Add files via upload

Closes #21, starts on #14, continues #13
rolieup · Jun 23, 2020 · 8ac7f8e · 8ac7f8e
1 parent 64e24b5
commit 8ac7f8e
Showing 1 changed file with 55 additions and 7 deletions.
diff --git a/extensions/draft-banghart-rolie-checklist.xml b/extensions/draft-banghart-rolie-checklist.xml
@@ -5,6 +5,7 @@
 
 <!ENTITY RFC8322 SYSTEM "https://xml2rfc.tools.ietf.org/public/rfc/bibxml/reference.RFC.8322.xml">
 <!ENTITY RFC2119 SYSTEM "https://xml2rfc.tools.ietf.org/public/rfc/bibxml/reference.RFC.2119.xml">
+<!ENTITY RFC8174 SYSTEM "https://xml2rfc.tools.ietf.org/public/rfc/bibxml/reference.RFC.8174.xml">
 ]>
 
 <?rfc toc="yes"?>
@@ -101,9 +102,14 @@
 
     </section>
     <section anchor="terminology" title="Terminology">
-      <t>The key words "MUST," "MUST NOT," "REQUIRED," "SHALL," "SHALL NOT," "SHOULD," "SHOULD NOT,"
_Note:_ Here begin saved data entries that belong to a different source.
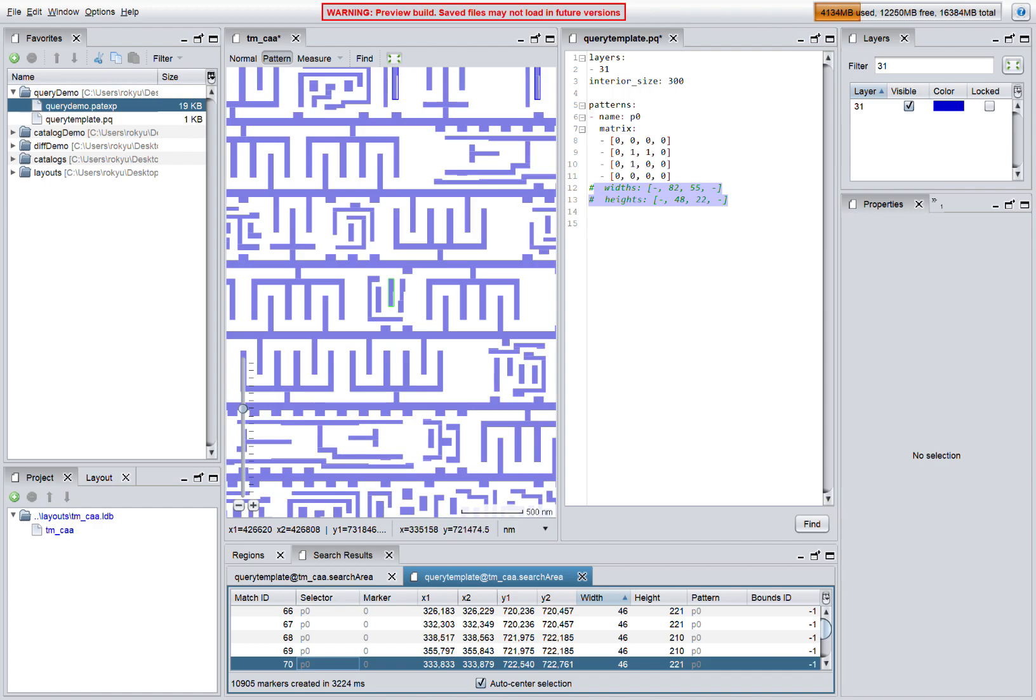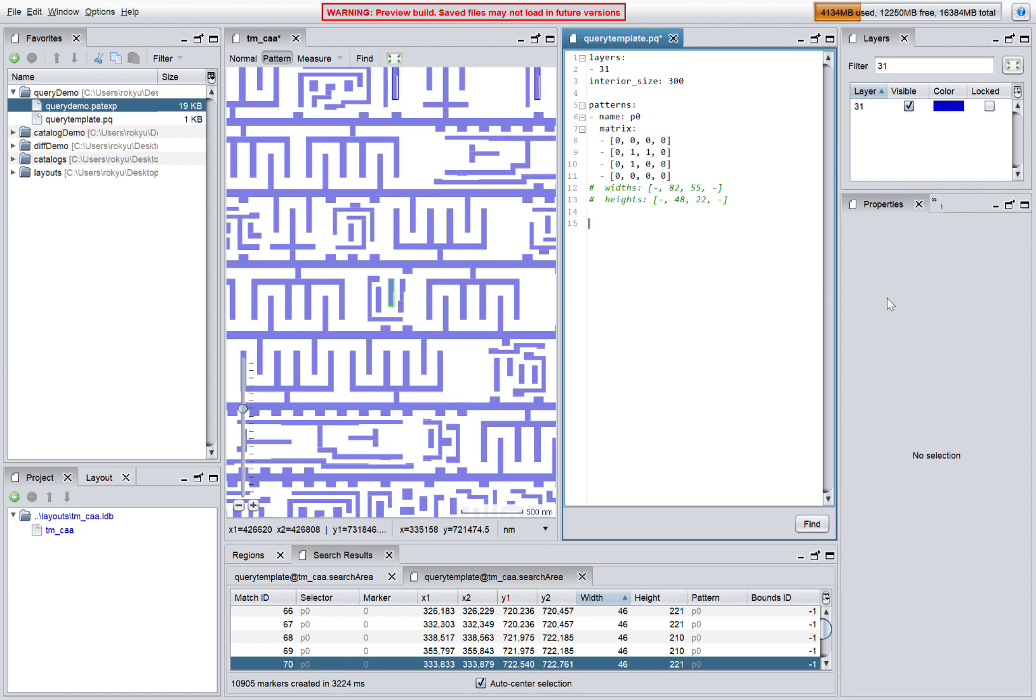If we wanted to find only tall and skinny variations of the pattern, we can add a constraint that the height of the match needs to be greater than the width.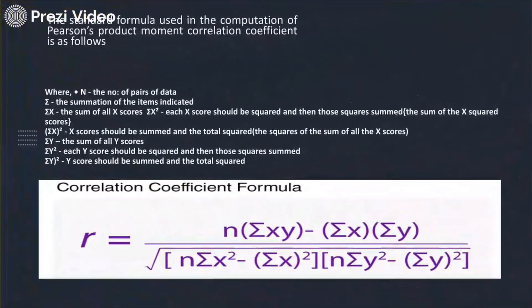This is the formula for the coefficient of correlation used in the computation of the Pearson product moment correlation coefficient. R is computed using N, summation of XY, summation of X, and summation of Y, divided by a squared equation. We are going to learn with a sample example how to actually calculate the Carl Pearson coefficient of correlation in the next video.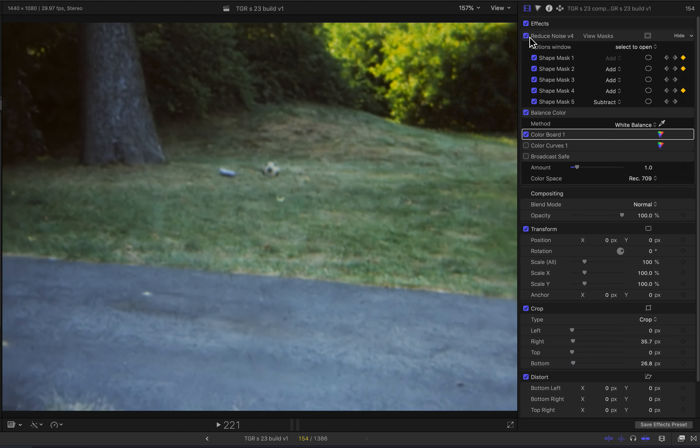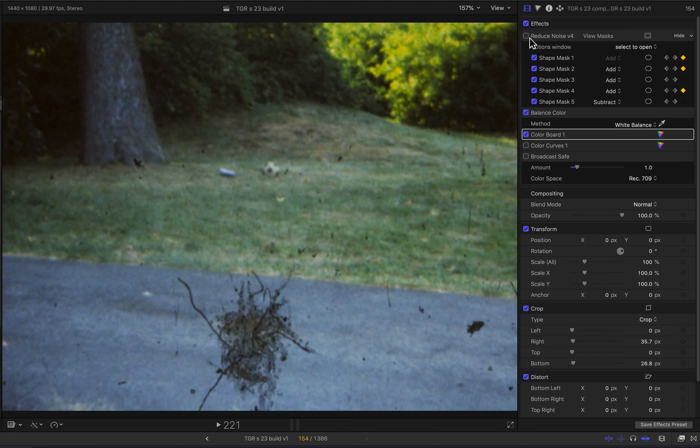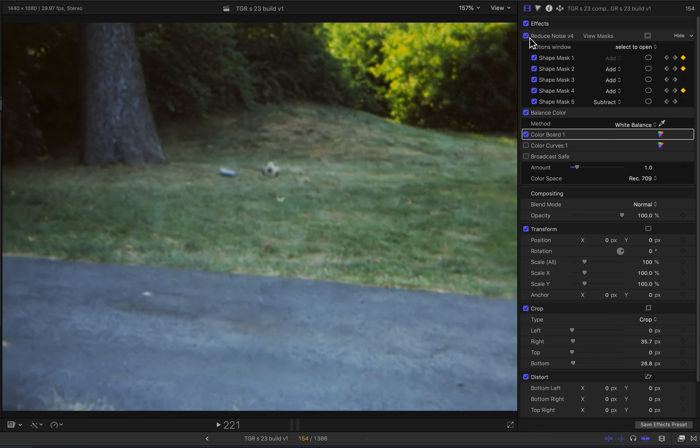Let's try that again. Neat Video off. Neat Video on. QED.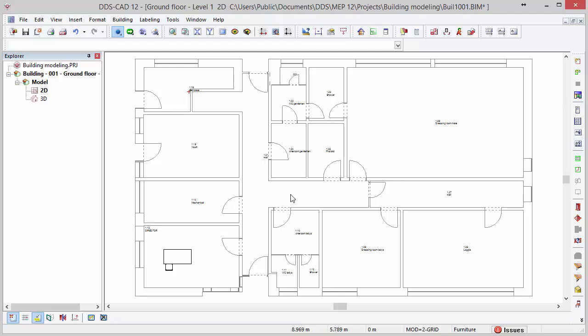This video will show some basic features and functions of DDS-CAD. First of all, let's introduce the mouse functions.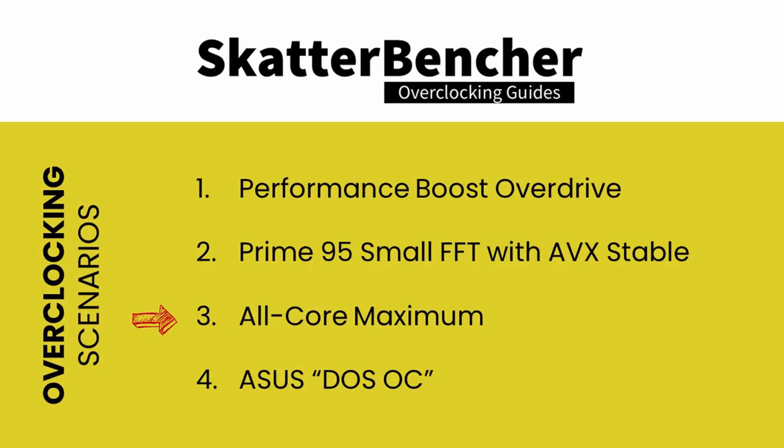Lastly, we'll look at what I think is the most interesting feature about the Crosshair 8 Dark Hero. We'll do some DOS overclocking.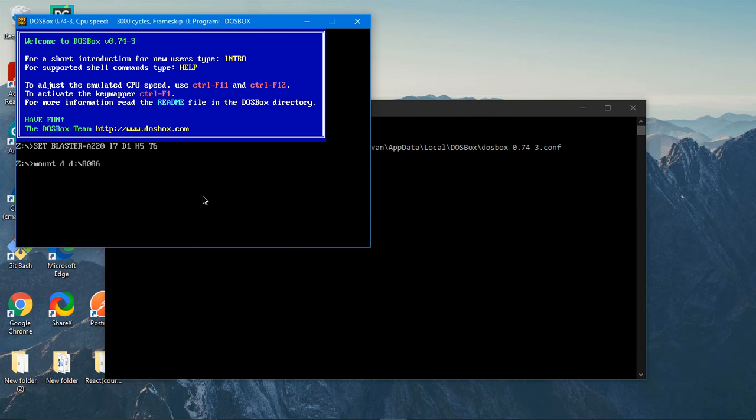Now it is saying that drive D is mounted. So now it is mounted but we have to navigate to the D. At present we are in Z, so type in D colon. Now we navigated to D.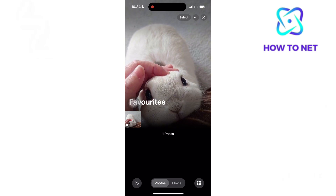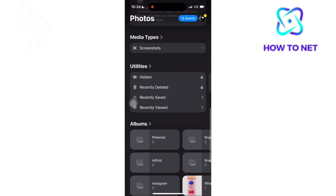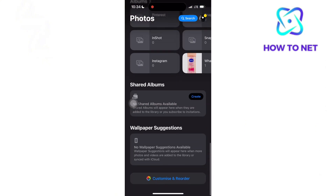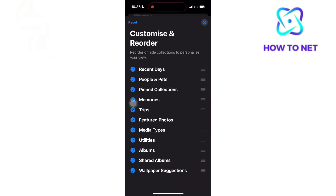To add your favorite photos album just like mine, simply go back and scroll down to the very end. You will see the option of Customize and Reorder. For the favorite photos, make sure the option of pinned collection is enabled.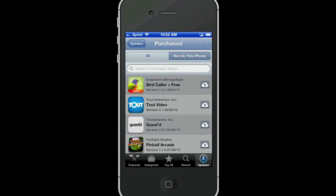Well there you have it, how to reinstall an app on an iOS device. And until next time, this is Simply Apple.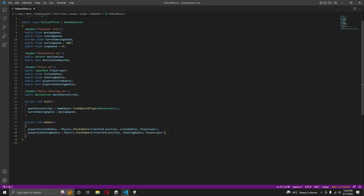In the previous video we created all of the variables and assigned the scripts. In this video we will allow the police AI to walk from one waypoint to the other.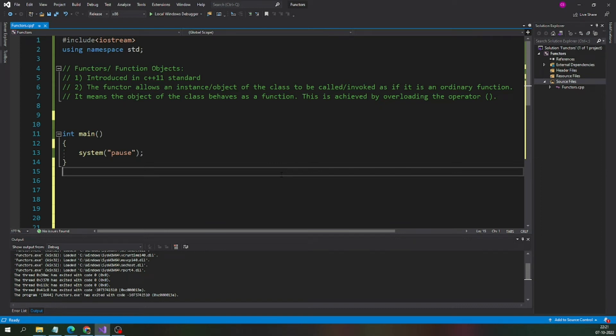Hello everyone, welcome to Static CPP tutorial. Today we are going to study about functors or function objects.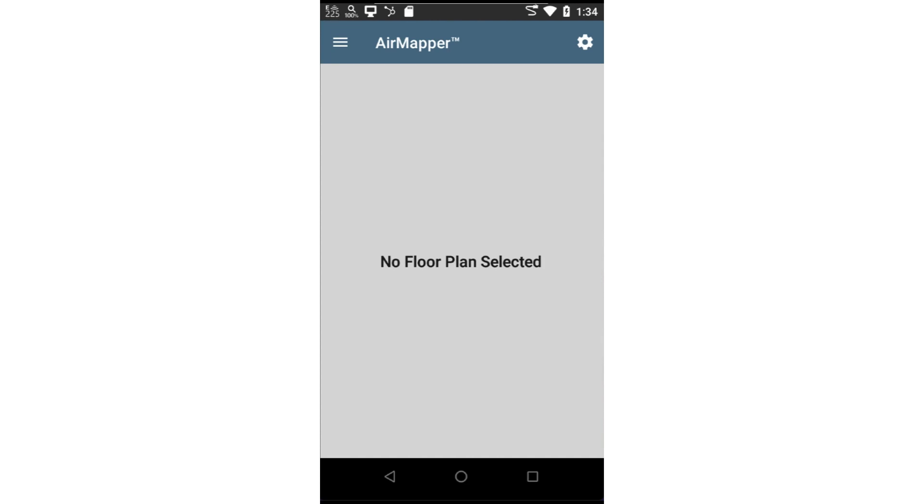Before we begin collecting the measurements, we must first configure AirMapper. Running it the first time, we will see the message, No Floor Plan Selected. Let's look at how we import a floor plan, calibrate it, and begin the data collection process.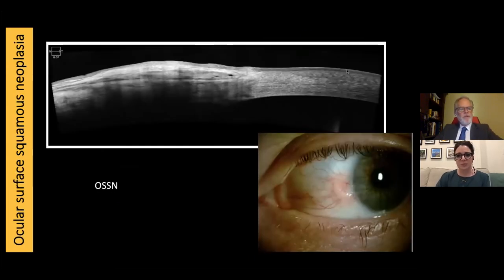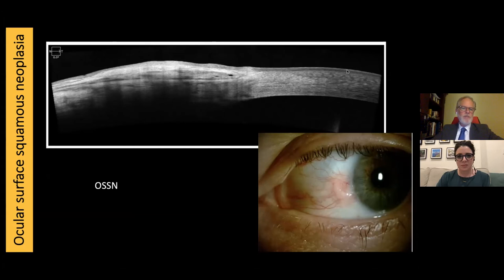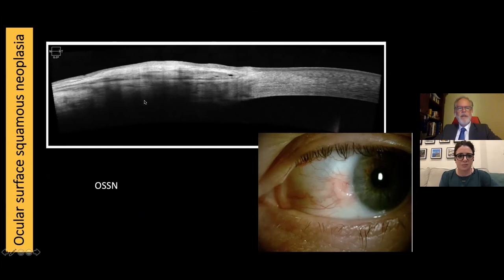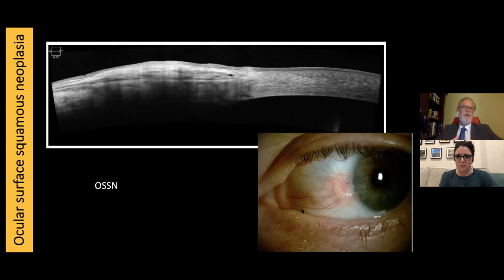This is a case of ocular surface squamous neoplasia, or OSSN. I practice in Maine on the coast and we actually see about one a month in our practice. The anterior segment OCT is the perfect tool for this — you can photograph it, but without stereo you really can't get the depth or see how thick that conjunctival epithelium is. With OCT you can really see this well.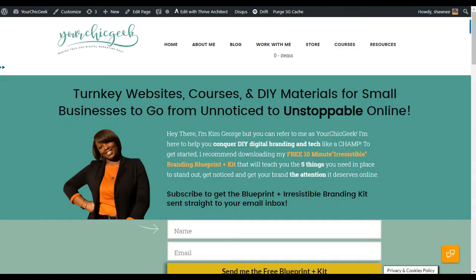Hey there guys, it's Kim here from YourChicGeek.com. I want to welcome you to another video training on how to create animated GIFs using Filmora Wondershare — I'll just say Filmora. This is an awesome video editing tool that I use; it makes it super easy to create things like animated GIFs.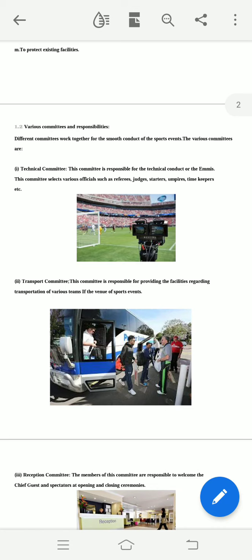The first is the Technical Committee, which handles technical aspects of the event. The Transport Committee is responsible for providing transport and equipment to the required locations.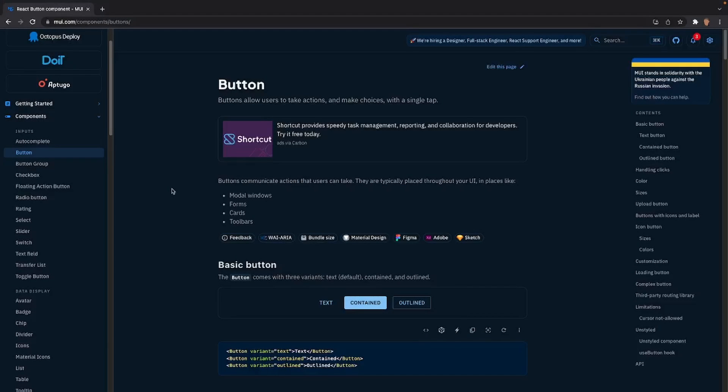Welcome back to this Material UI course. In today's video we're going to be learning about how to work with a button component at a high level and how to implement it into our own app. By the end of this tutorial you'll have a good understanding of how to work with it, the API, and how to implement it.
-        "RECOMMENDED," "MAY," and "OPTIONAL" in this document are to be interpreted as described in
-          <xref target="RFC2119"/>. </t>
+      <t>The key words "MUST", "MUST NOT", "REQUIRED", "SHALL", "SHALL NOT", "SHOULD", "SHOULD NOT",
+        "RECOMMENDED", "NOT RECOMMENDED", "MAY", and "OPTIONAL" in this document are to be
+        interpreted as described in BCP 14 <xref target="RFC2119"/>
+        <xref target="RFC8174"/> when, and only when, they appear in all capitals, as shown
+        here.</t>
+      <t>The previous key words are used in this document to define the requirements for
+        implementations of this specification. As a result, the key words in this document are not
+        used for recommendations or requirements for the use of ROLIE.</t>
       <t>As an extension of <xref target="RFC8322"/>, this document refers to many terms defined in
         that document. In particular, the use of "Entry" and "Feed" are aligned with the definitions
         presented in section TODO of ROLIE.</t>
@@ -350,11 +356,27 @@
 
     </section>
     <section anchor="security-considerations" title="Security Considerations">
-      <t>TBD</t>
+      <t>Use of this extension requires understanding and managing the security considerations of
+        the core ROLIE specification. Beyond that, there must be considerations made for the common
+        use cases and data types that would be shared with this extension in particular.</t>
+
+      <t> Checklist information, while typically shared publicly, can have potential security impact
+        if compromised. In these cases, the utmost care should be taken to secure the REST endpoint.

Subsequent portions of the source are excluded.